++++ Dataset extract

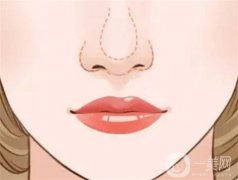 手術(shù)需要多少錢？注意事項有哪些？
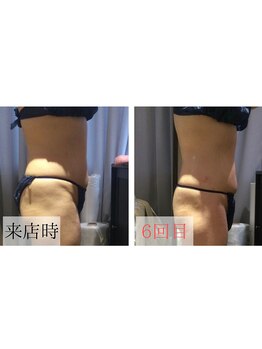 アンジュ(Ange)/セルゼロで綺麗なボディメイク★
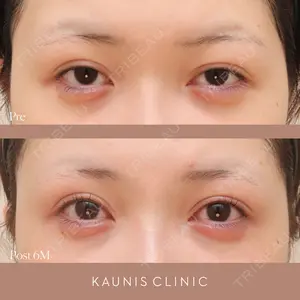 KAUNIS CLINIC（カウニスクリニック）の症例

++++++++

Would you restate the listing word for word without its pictures?

 手術(shù)需要多少錢？注意事項有哪些？
 アンジュ(Ange)/セルゼロで綺麗なボディメイク★
 KAUNIS CLINIC（カウニスクリニック）の症例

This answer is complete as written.